Quoi qu'il en soit, le football sans spectacle, sans numéros solo, ce n'est plus le football. Ces derniers temps, des voix se sont entendre, préconisant une réforme qui changerait du tout au tout les règles du jeu. On pourrait, comme en patinage artistique, attribuer des points supplémentaires pour la qualité de la prestation. Pourquoi pas? Cela aiderait probablement à régler le problème. Seulement il faudrait alors rebaptiser ce jeu. Parce que cela ne serait plus du football.
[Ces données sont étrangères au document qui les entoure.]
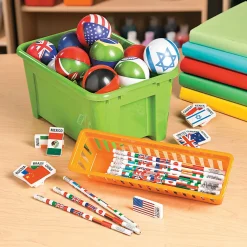 Multicultural Flag Pencils - 24 Pc.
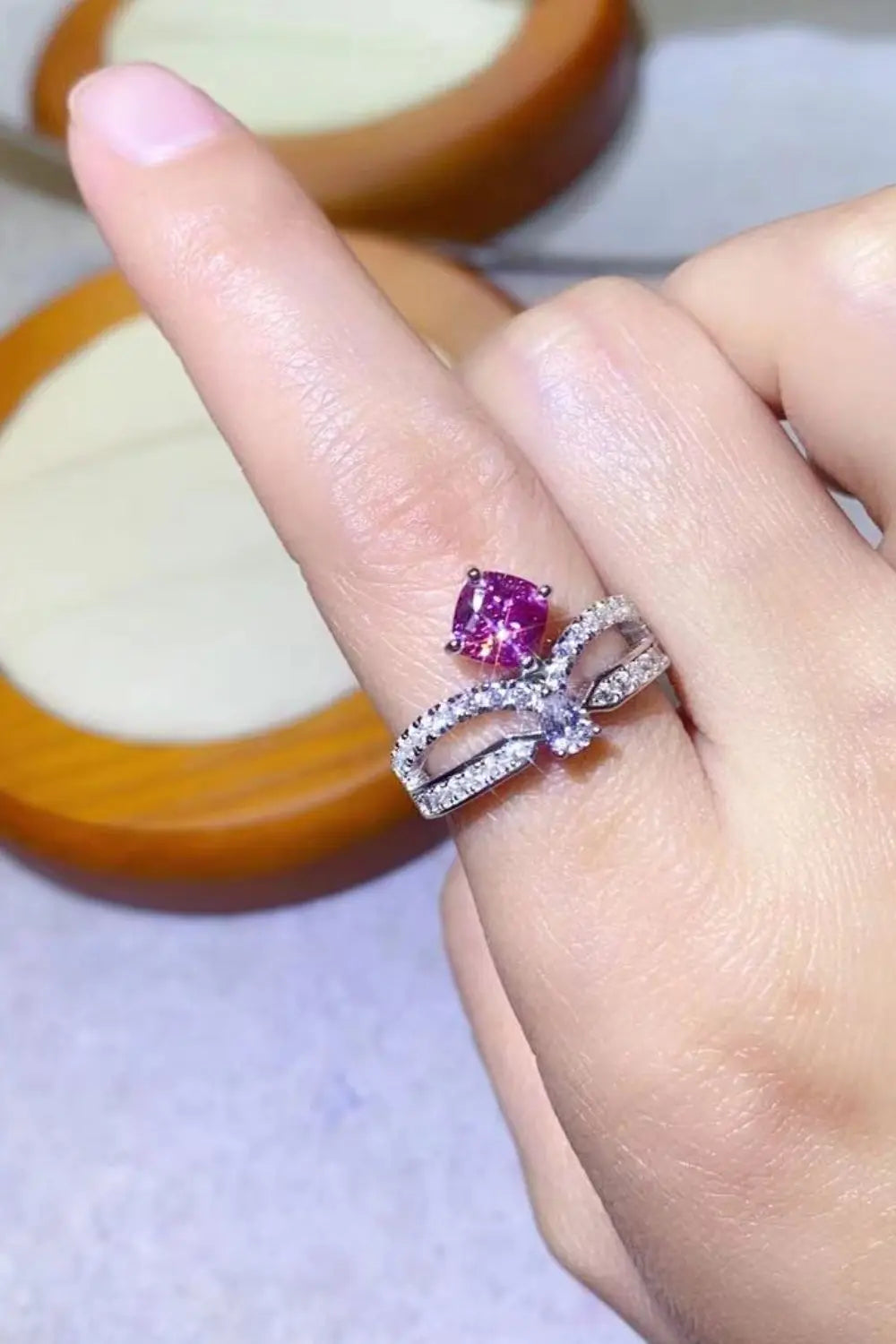 At Your Best 1 Carat Moissanite Ring - SmileBen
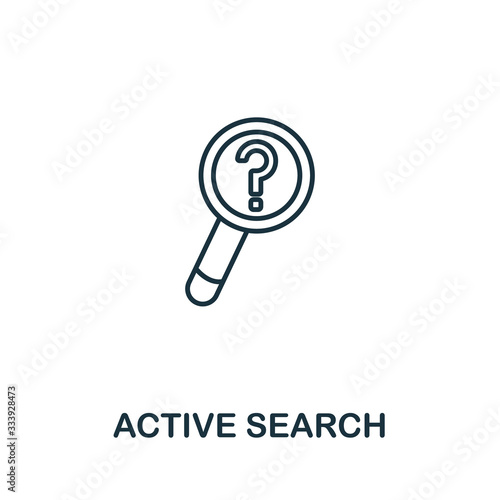 Active Search icon from seo collection. Simple line Active Search icon for templates, web design and infographics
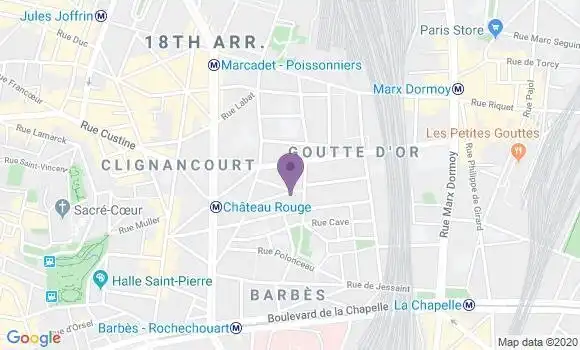 Localisation Le Chapelain Gwenaël
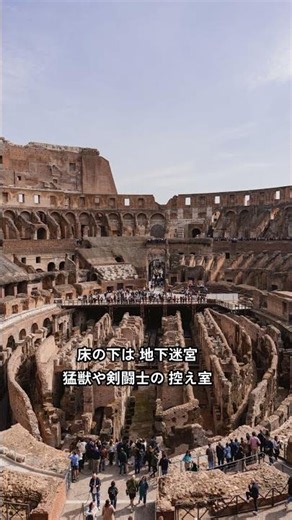 2000年前に 5万人を収容した建物？｜世界文化遺産 コロッセオ #shorts
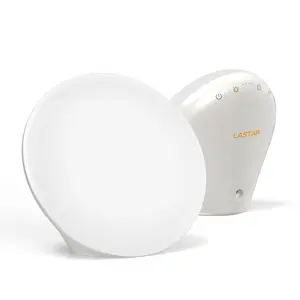LASTAR Sun Lamp, 10,000 Lux Sunlight Lamp with 4 Color Temperatures & 5 Brightness & 1H Timer, Touch Control Daylight Lamp with Memory Function for Home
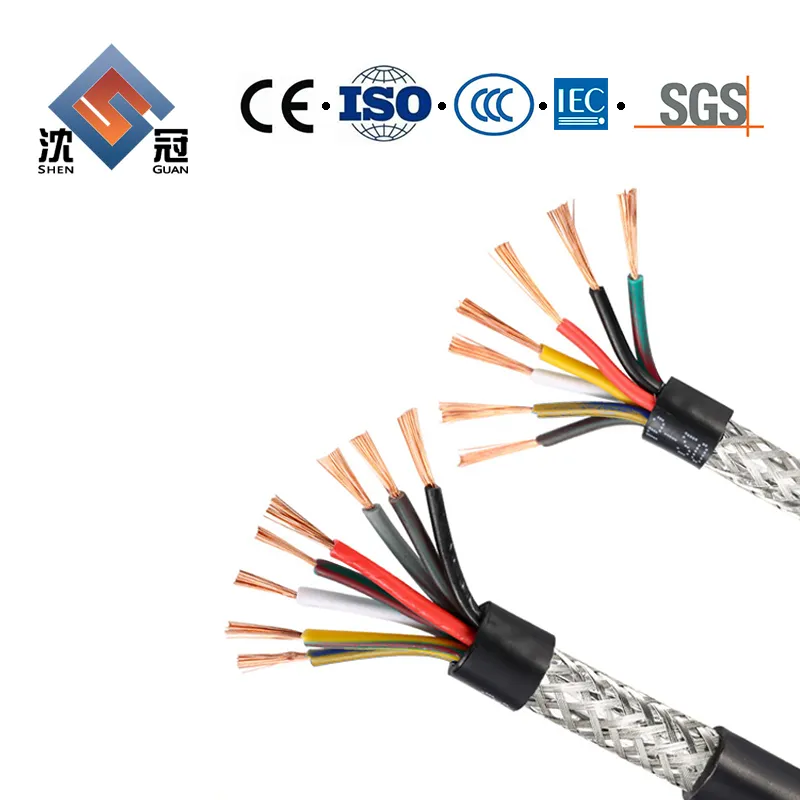Shenguan RoHS PVC 2 Core Shielded Wire Speaker Flexible Signal Cable with Audio Connector Speakon EPDM Insulation Cm Sheath Trailing Coaxial Cable Mineral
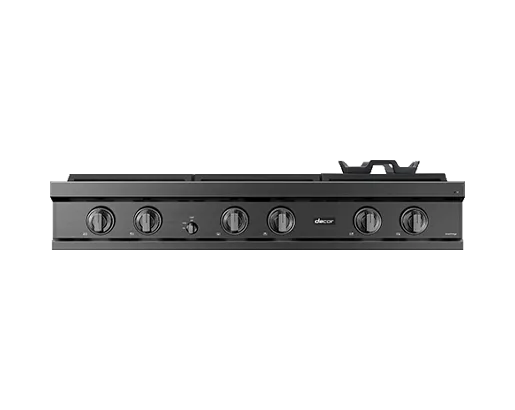 Dacor DTT48T960GM 48" Rangetop, Graphite Stainless, Natural Gas/Liquid Propane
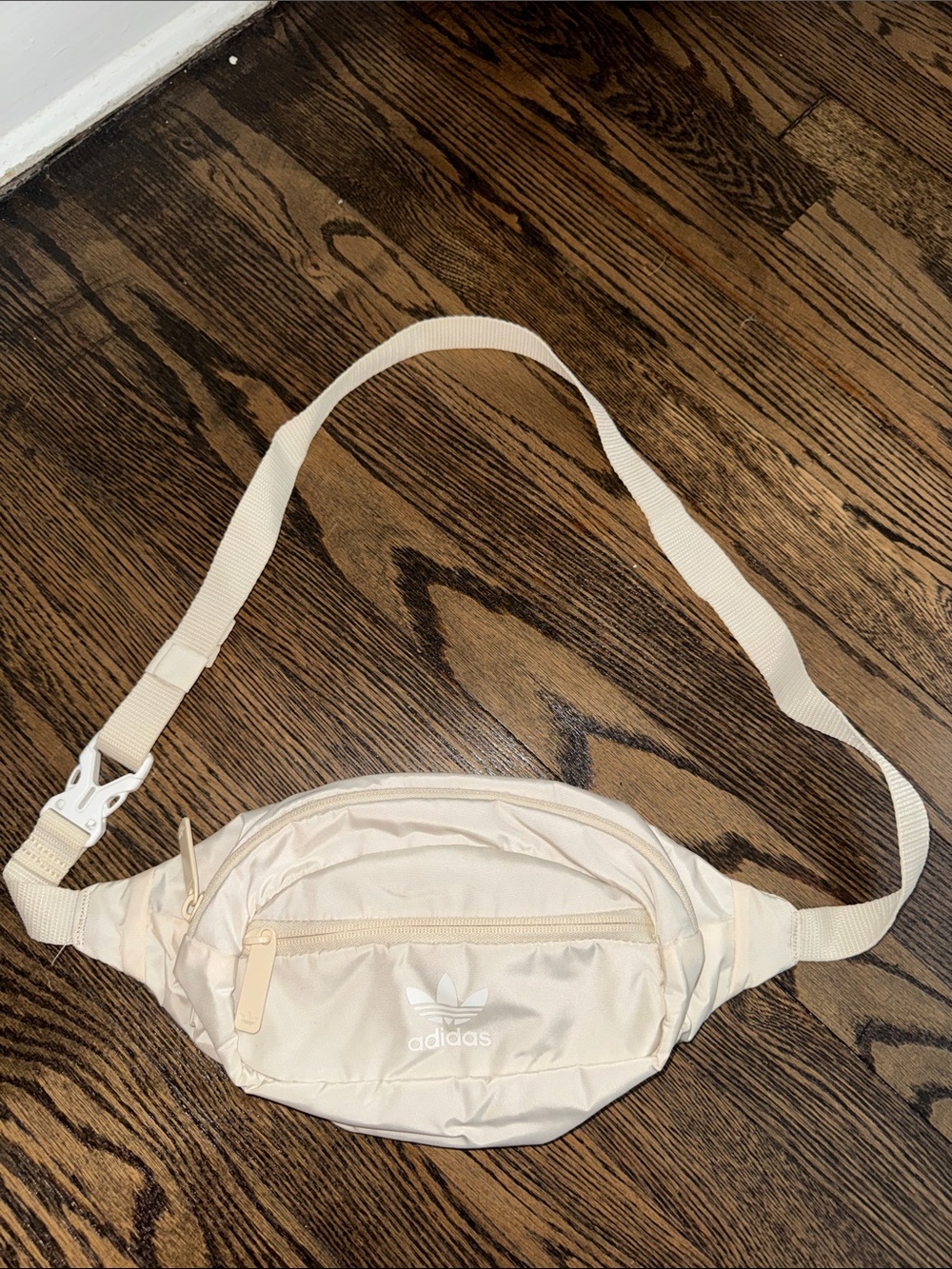 adidas Neutral Cream Crossbody Waist Bag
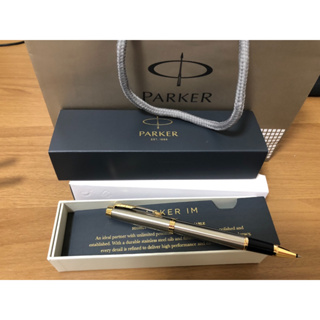 PARKER 派克 NEW IM 鋼桿金夾 鋼珠筆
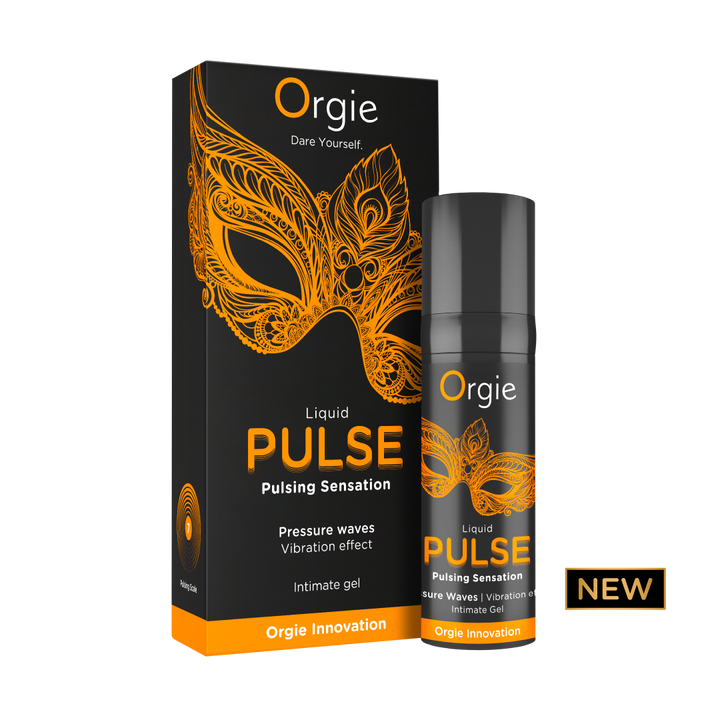 Orgie – Liquid Pulse – Stimulierendes Intimgel Ice Caramel, 15 ml – Herstellerbild 1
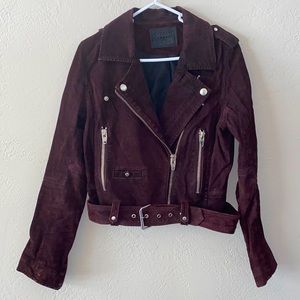 Blank NYC Suede Leather Jacket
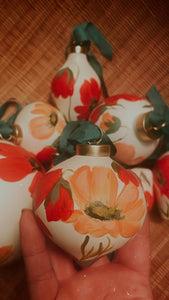 Hand Painted Ceramic Ornament - Poppy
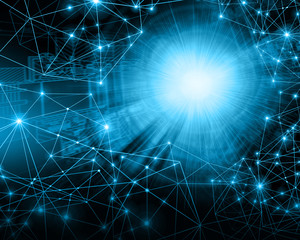 Best Internet Concept of global business.Technological background. Rays symbols Wi-Fi, of the Internet, television, mobile and satellite communications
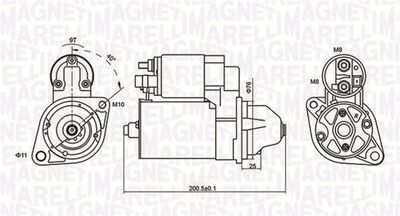 Starter MAGNETI MARELLI 063721412010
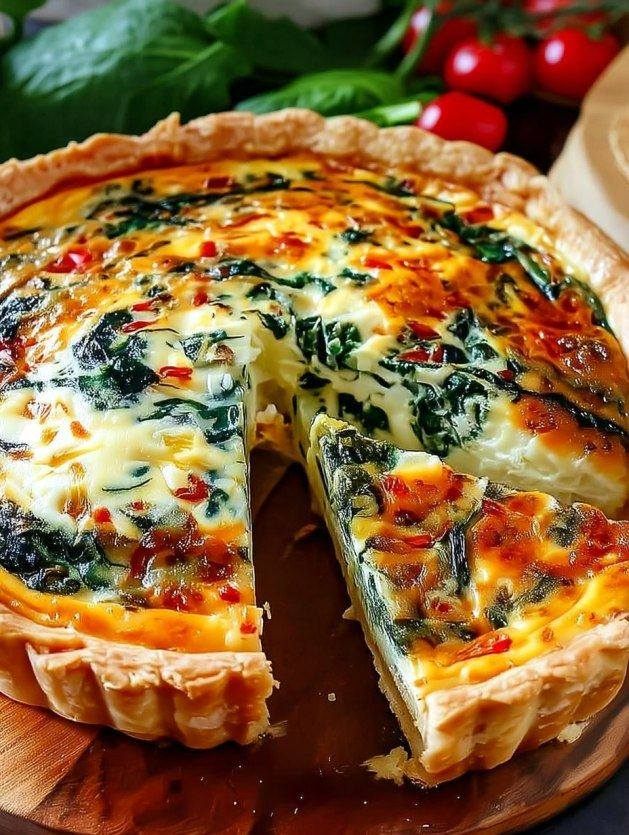Elegant Ricotta and Spinach Quiche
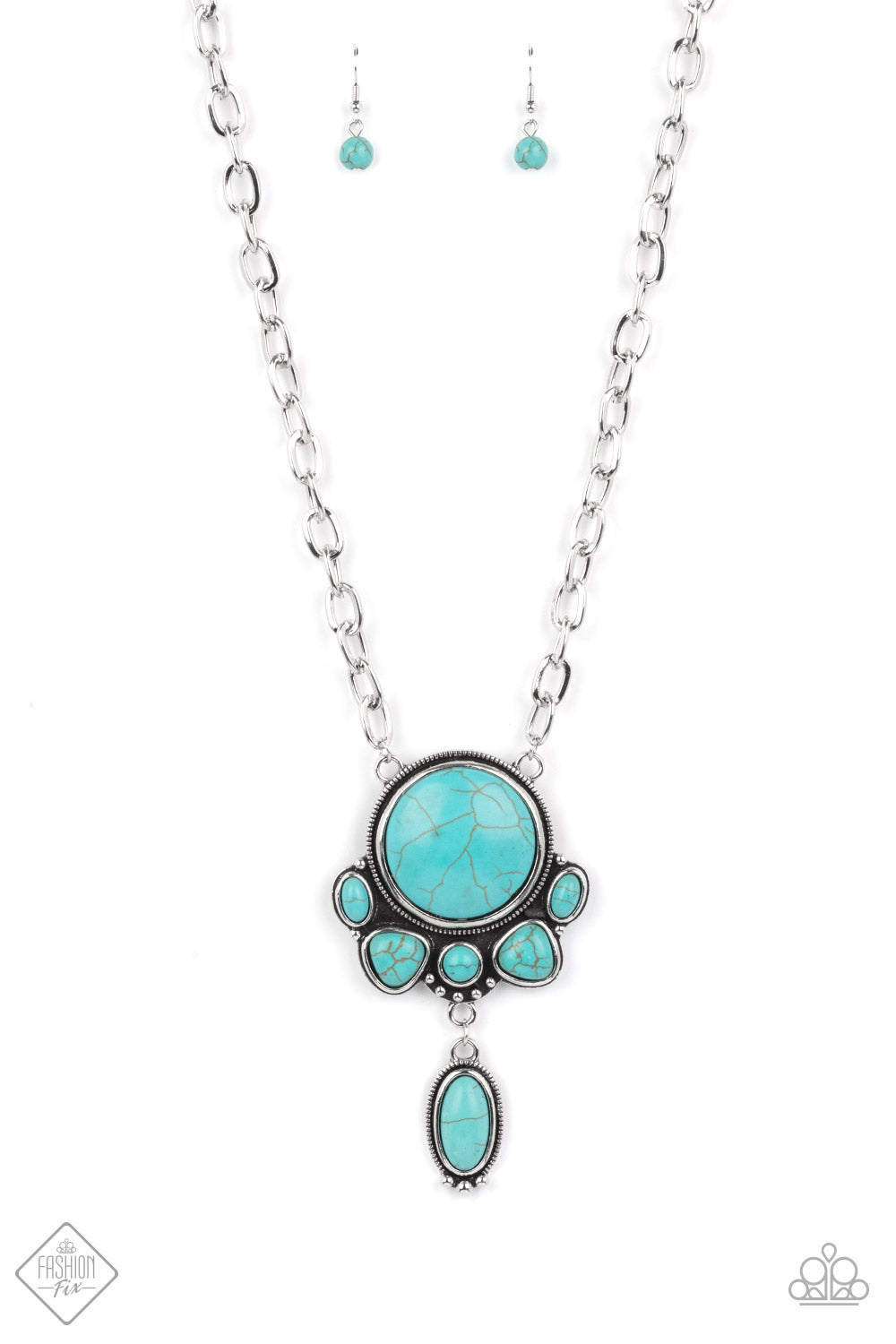 Geographically Gorgeous - Blue Necklace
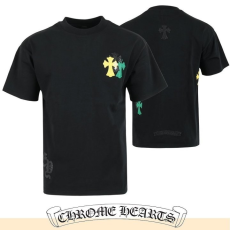 CHROME HEARTS 크롬하츠 멀티 컬러 패치 반팔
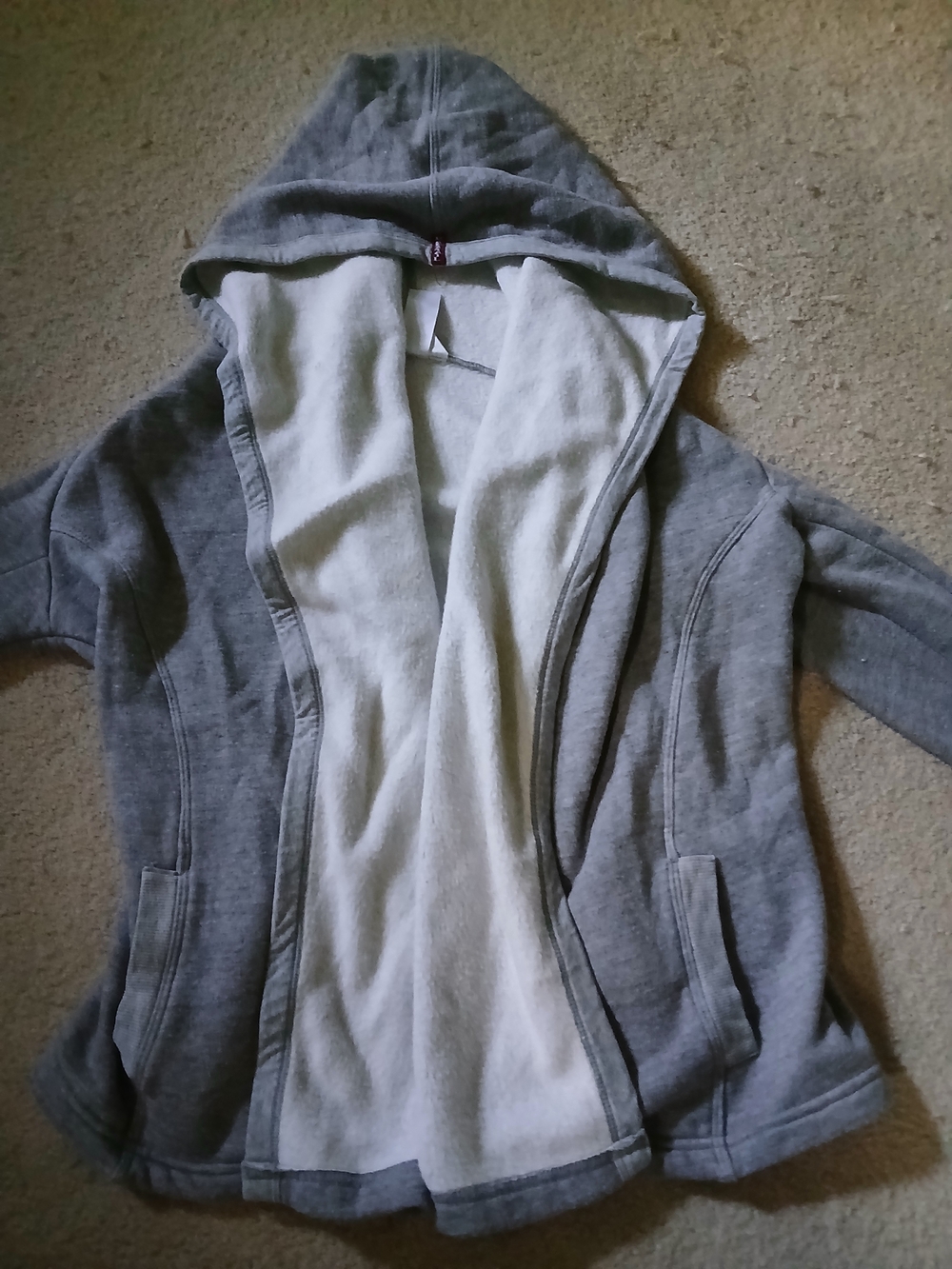 Hard Tail Forever Princesd Gray Hooded Fleece-Lined Cardigan - Women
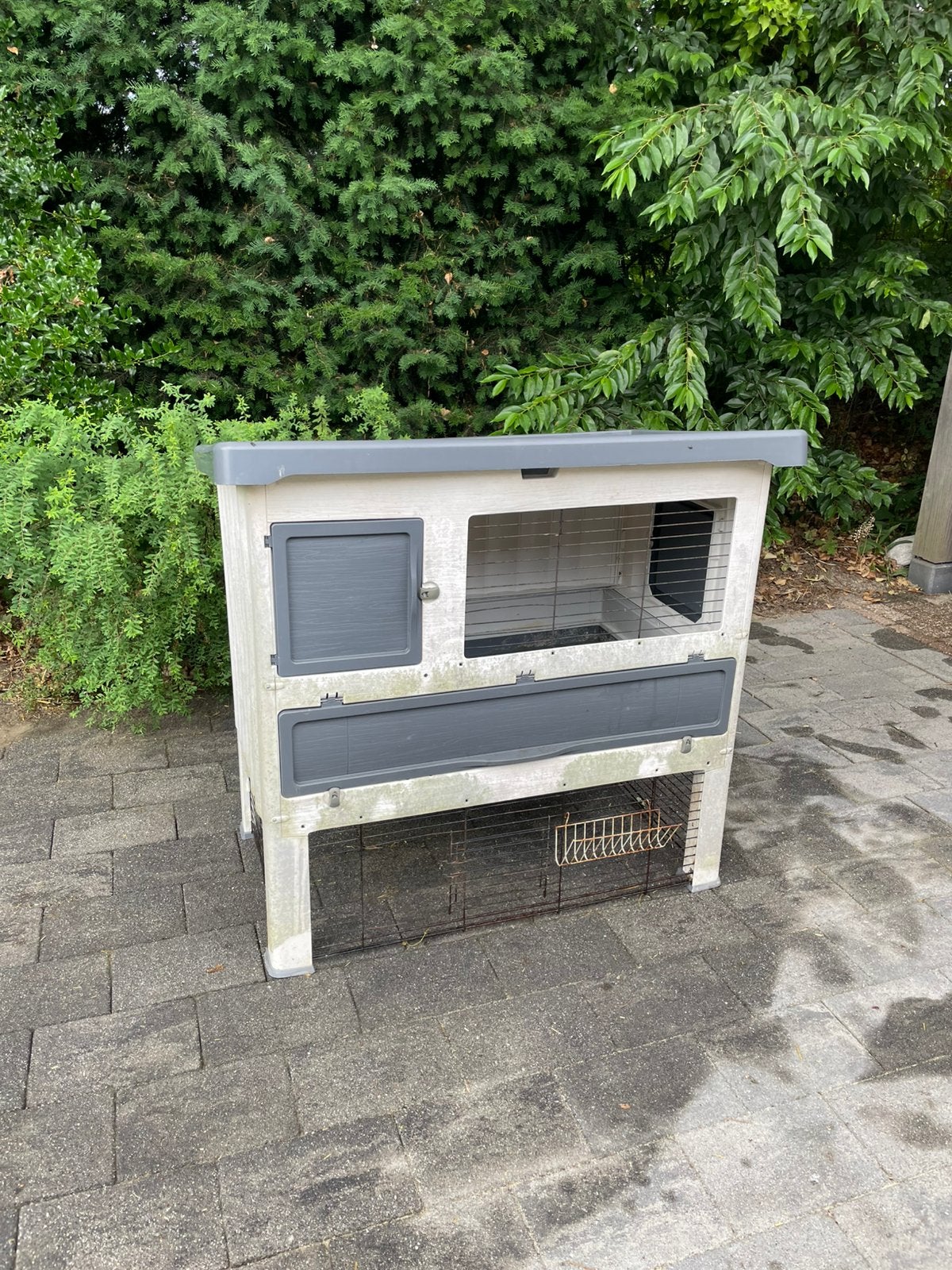 Konijnenhok evt. met gratis extra ren, Dieren en Toebehoren, Knaagdieren en Konijnen | Hokken en Kooien, Ophalen, 90 cm of meer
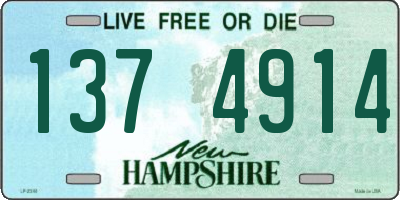 NH license plate 1374914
Mais faut-il vraiment changer quelque chose? Regardez. Les matches les plus importants sont rarement spectaculaires, mais dans quel climat passionné ils se déroulent! On peut penser que la tension qui règne sur le terrain et dans les tribunes n'est pas loin de celle vécue par les heureux témoins du lancement du premier voyageur de l'espace ou de tout autre événement de portée universelle. Et puis qui pourrait remplacer les buts de toute beauté? Personne. Vous vous souvenez de la fantastique reprise de volée de Maximiliano Rodriguez face au Mexique? Et du bolide décoché par Bastian Schweinsteiger lors de la petite finale? Deux exemples pris parmi tant d'autres. Par conséquent, il n'est pas nécessaire de modifier les règles de notre sport de prédilection. Quant aux adeptes du beau jeu et des actions individuelles ensorcelantes, je leur conseille de se rendre à la boutique de fans la plus proche et de s'y procurer des vidéos de matches remontant à 20-40 ans. Vous savez, ceux disputés à l'époque par les Pelé, Maradona, Cruyff et autres légendes du football. Pour se délecter avec, quand même, une pointe d'amertume en pensant que c'est du passé.